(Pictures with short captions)

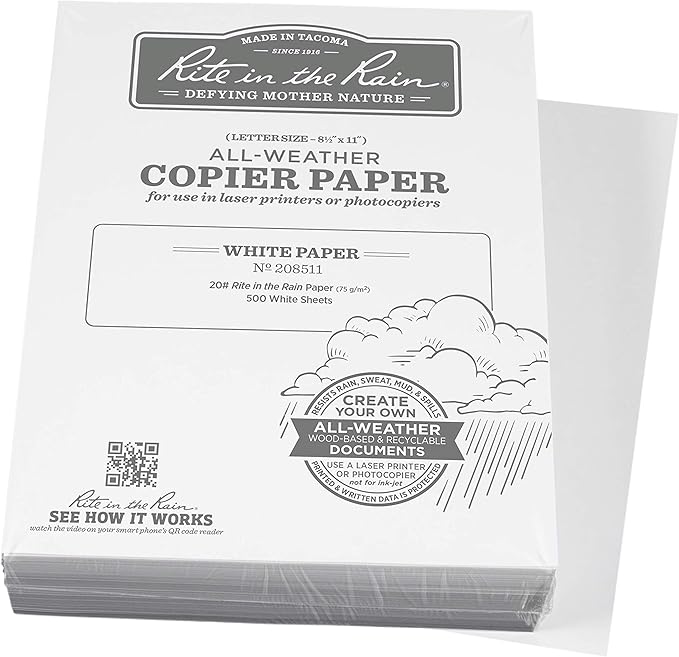 Rite in the Rain Weatherproof Bulk Copier Paper, 8.5" x 11", 20# White, 500 Sheet Pack (No. 208511X)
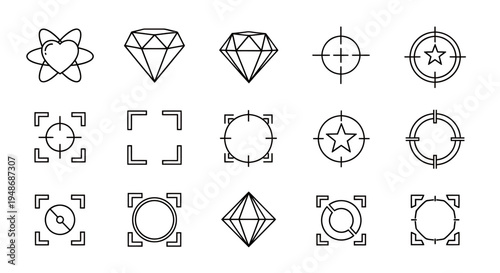 Collection of vector icons including atoms, diamonds, targets, gears, frames and symbols for design projects.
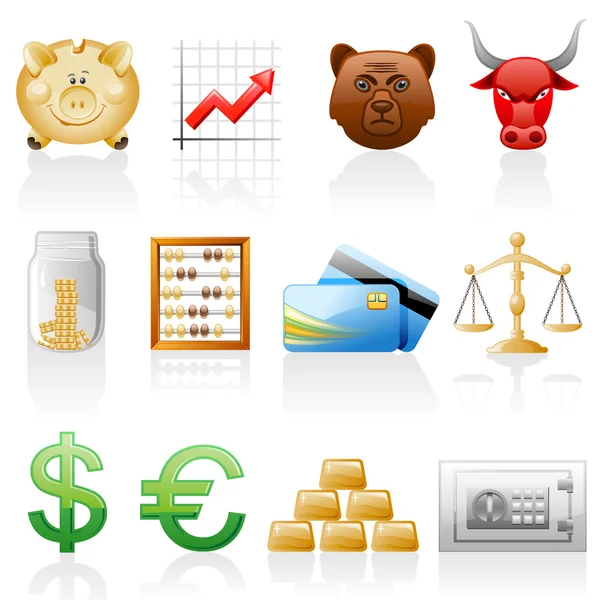 Conjunto de iconos financieros . — Vector de stock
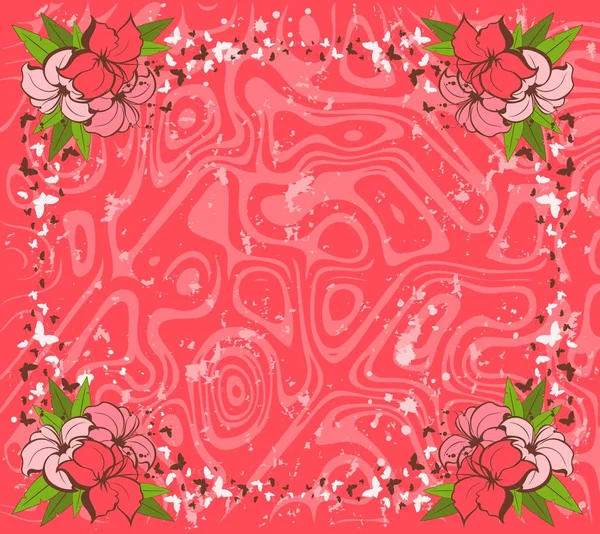 พื้นหลังสีชมพู Grunge กับดอกไม้เขตร้อน — ภาพเวกเตอร์สต็อก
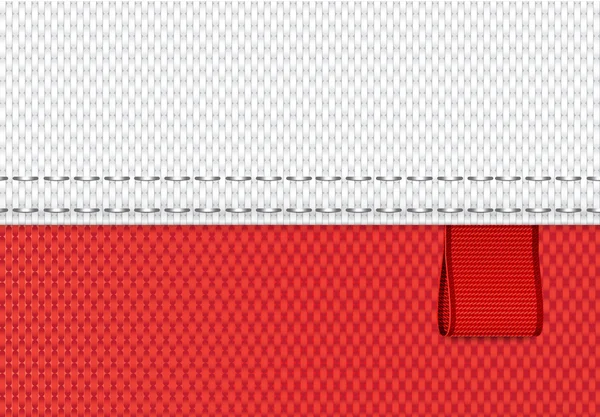 Vektor tyg textil bakgrund med rött band — Stock vektor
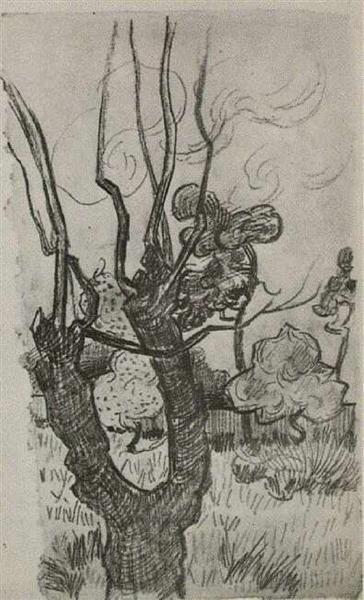 A Bare Treetop in the Garden of the Asylum, 1889 - Винсент Ван Гог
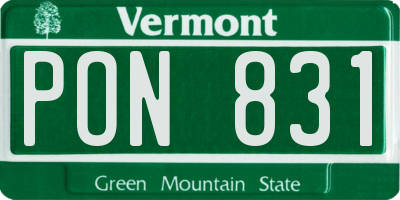 VT license plate PON831
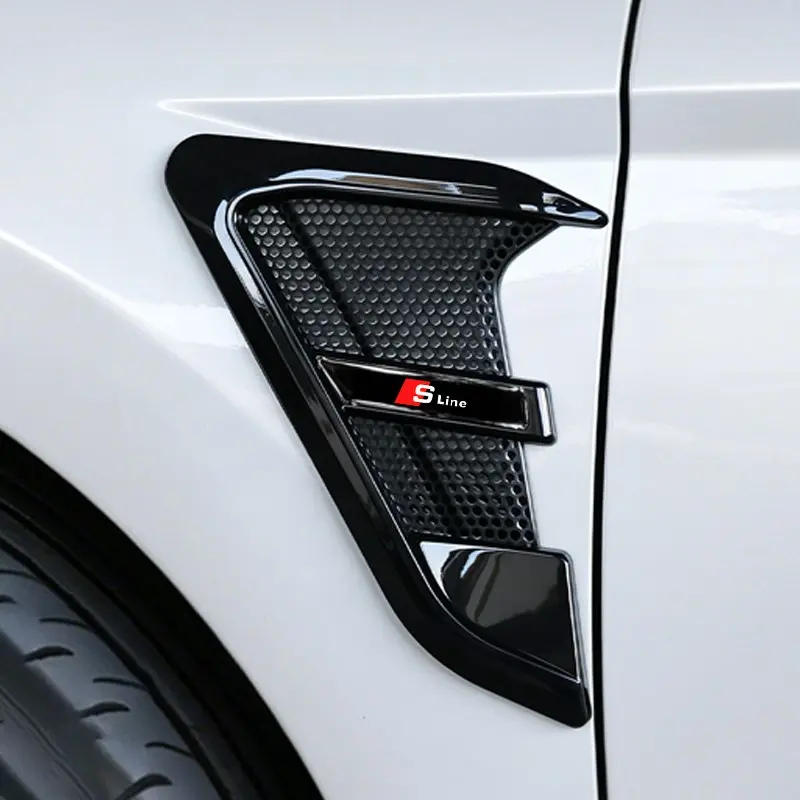 Carbon Fibre Car Emblems Side Flank Fender Modified Stickers For Audi Q7 Q3 Q5 R8 TT S5 S6 RS Sline Quattro A4 A5 A6 Accessories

(Work item) Exercise for the records above: copy only the lines from the one with "Collection of vector" to the one with "Vektor tyg textil", both ends kept, and drop the pictures.

(Output)
 Collection of vector icons including atoms, diamonds, targets, gears, frames and symbols for design projects.
 Conjunto de iconos financieros . — Vector de stock
 พื้นหลังสีชมพู Grunge กับดอกไม้เขตร้อน — ภาพเวกเตอร์สต็อก
 Vektor tyg textil bakgrund med rött band — Stock vektor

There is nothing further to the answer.